A Twitterer calling himself “Kris_Mexicanese” has been having fun testing the limits of the First Amendment. The FBI has been all over him, and I’m sure Homeland Security is watching his every move.

Reason? He joked about the Boston bombing and predicted that it might happen again in Miami.

MIAMI (CBSMiami) – As the Miami Heat wrapped up its second consecutive NBA championship Thursday night, a Twitter account holder posted an ominous message, referencing the Boston Marathon bombing.

“What if what happened in boston at that marathon happened also at the miami heat parade. That’d be Soo cool,” read a post, put up about 11:15 p.m. by a user whose name CBS4 News has chosen not to reveal.

The outrageous posting comes even as the April 15th bombing at the Boston Marathon finish line continues to reverberate through the nation’s psyche.

A little after midnight Friday morning, the same upper and lower case-challenged user tweeted, “boston is gonna occur again so i’ve heard? championship parade monday at 11:00 a.m.” A twisted Twitter joke?

Cops aren’t laughing.

No they are not. Worse, they seem to think that whatever opinions they consider “sinister” ought to be illegal. Not only including insensitive speculation, but criticism of immigration policies. And of course racism.

The tweeter making sinister remarks about Monday’s Heat parade has also posted anti-government tweets. One says “(expletive) immigration!” The reference to immigration enforcement agents comes with a photo of Border Patrol cars at a checkpoint. The user also has posts referencing “hate.” There is racist language used as well.

The FBI issued a statement saying it is “looking at” the Twitter postings. FBI spokesperson, Special Agent Michael Leverock stressing “the importance of reporting suspicious activities” to authorities.

“If you see something, say something,” the statement said, echoing what has become a slogan for homeland security efforts.

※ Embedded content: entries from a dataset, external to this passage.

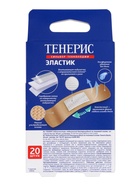 Лейкопластырь медицинский бактерицидный TENERIS Elastic, тканная основа, 7.6×1.9 см, 20 шт. - Фото 3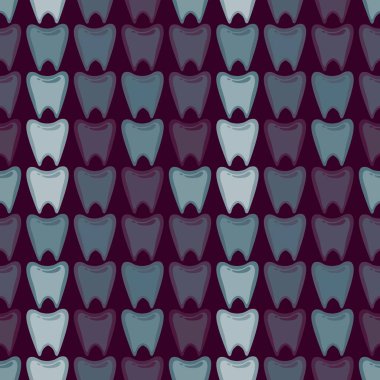 Kağıt, kumaş, çarşaf, çocuk giysisi baskısı, doktor aksesuarları ve eczane ambalajları için tıbbî ve kusursuz diş deseni. Yüksek kalite fotoğraf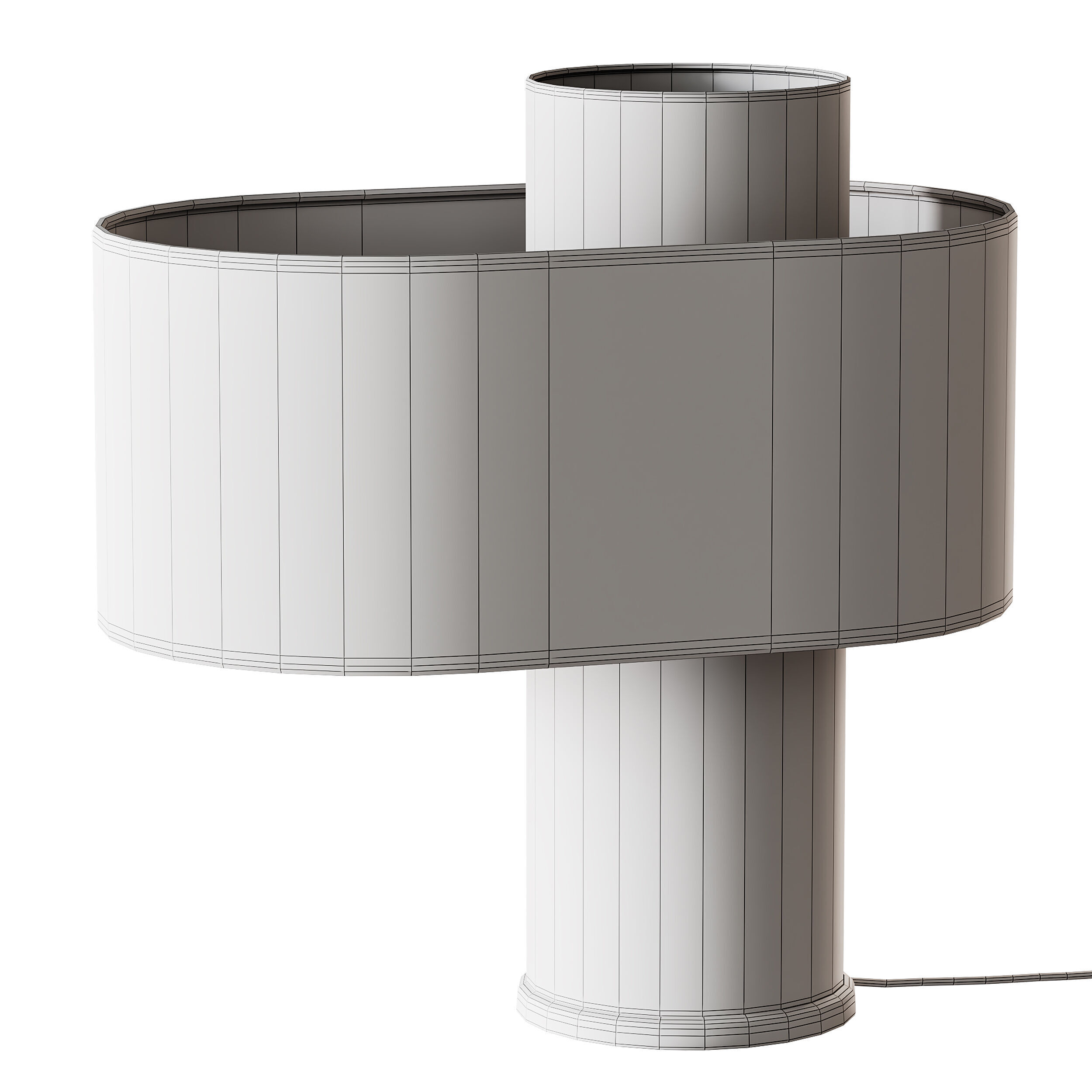 Beige Heron Table Lamp 3D model_13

There is a clear effort to frighten everyone into following the government line:

“We have detectives in place, we have undercover officers, we are working closely with the FBI, and we will ensure that we have a safe and fun-filled event,” said Miami’s Sgt. Cruz.

Police say those who might be inclined to post threatening or intimidating messages on line need to be aware that, with today’s technology, there is no such thing as Internet anonymity.

Of the tweets in advance of Monday’s Heat parade, one long-time investigator told CBS4 News, “Multiple agencies will be – if they’re not already – crawling all over this guy.”

This is entirely predictable, and I am sure the guy is basking in his 15 minutes of fame. But if you read carefully what he tweeted, it hardly constitutes any kind of threat in the legal sense. Just mere speculation — an expression of a tacky opinion in a semi-literate manner. I don’t doubt that there are all kinds of conspiracy theorists making similar speculations. Speculating that something will happen is hardly a threat, and it is protected by the First Amendment. Just as the vile Fred Phelps is allowed to insult American soldiers who gave their lives for the country, and rooting for lethal hurricanes (anyone remember?) is protected by the First Amendment.

What am I missing? Does the First Amendment no longer apply to opinions that the police might find disturbing?